SCARA Robot Trainers. Four-axis robots optimised for fast, precise pick-and-place and assembly tasks. Common in electronics manufacturing and packaging. Training systems teach SCARA-specific programming, vision-guided pick-and-place, and cycle time optimisation.
Robot Integration Cells. Complete workstations that combine a robot with other automation components — conveyors, PLC control, vision systems, grippers, sensors, pneumatic actuators. Students learn system integration: how to make a robot work within a larger automated process, which is the actual skill most employers hire for.
Mobile Robotics and AGV Trainers. Autonomous Guided Vehicles and Autonomous Mobile Robots for warehouse logistics and intralogistics training. A growing segment as e-commerce and automated warehousing expand.
Robot Simulation Software. Offline programming and simulation environments (RoboDK, RobotStudio, KUKA.Sim, Roboguide) that allow students to design, test, and optimise robot programmes before deploying to physical hardware. Increasingly standard as a complement to physical trainers, not a replacement.
How to Evaluate Industrial Robotics Training Equipment
The first question every buyer asks about robotics training equipment is: which robot brand? The answer depends on your local industry.

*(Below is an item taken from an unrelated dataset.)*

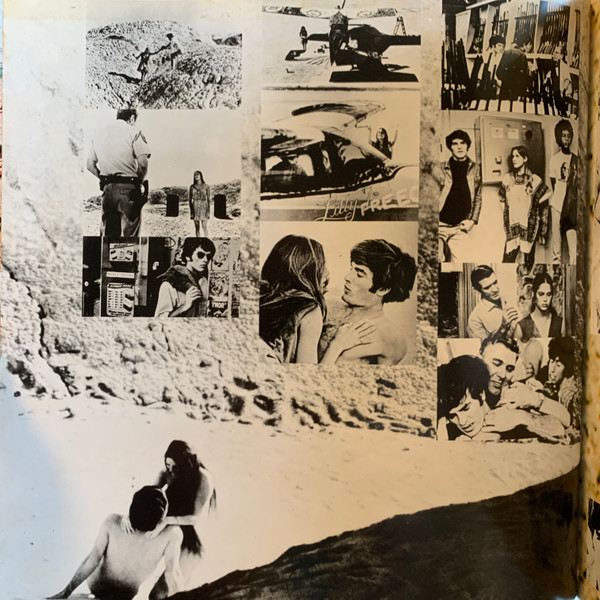 Various - Zabriskie Point | MGM Records (MMF 1012) - 4 Various - Zabriskie Point | MGM Records (MMF 1012) - 4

Robot brand alignment. Fanuc, ABB, KUKA, and Yaskawa dominate industrial robotics globally, but regional market share varies significantly. In the US, Fanuc has the largest installed base. In Europe, KUKA and ABB are strong. In Asia, Fanuc and Yaskawa lead. If your graduates will work in local manufacturing, choose the brand most common in your region — each manufacturer uses its own programming language, and employers expect brand-specific fluency.
For programmes serving diverse industries, some training systems use brand-agnostic PLC-based control or offer multi-brand configurations where the robot arm can be swapped while the peripheral equipment stays the same.
Integration capability. A standalone robot arm teaches programming basics. A robot cell with PLC, vision system, conveyor, and end-effectors teaches integration — which is where the real employability value lies. Prioritise systems that include peripheral automation components.
Safety infrastructure. Industrial robots require safety enclosures, light curtains or safety scanners, emergency stops, and proper floor mounting. Budget for the safety infrastructure, not just the robot. Collaborative robots require less safety equipment but still need risk assessment documentation.
Payload and reach. Educational robots typically have 3–10 kg payload and 500–900 mm reach — sufficient for training tasks without requiring the heavy infrastructure of full-scale industrial robots. Match the payload to your training applications (material handling, welding simulation, assembly, machine tending).
Curriculum and certification. Some robot manufacturers (Fanuc, ABB, KUKA) offer their own educational certification programmes. Training equipment aligned with these programmes gives students an employer-recognised credential alongside their institutional qualification.
Software licences. Robot programming software, simulation packages, and PLC programming environments often require annual licences. Factor these into the total cost of ownership — a $30,000 robot cell with $5,000/year in software licences looks different over a five-year budget cycle.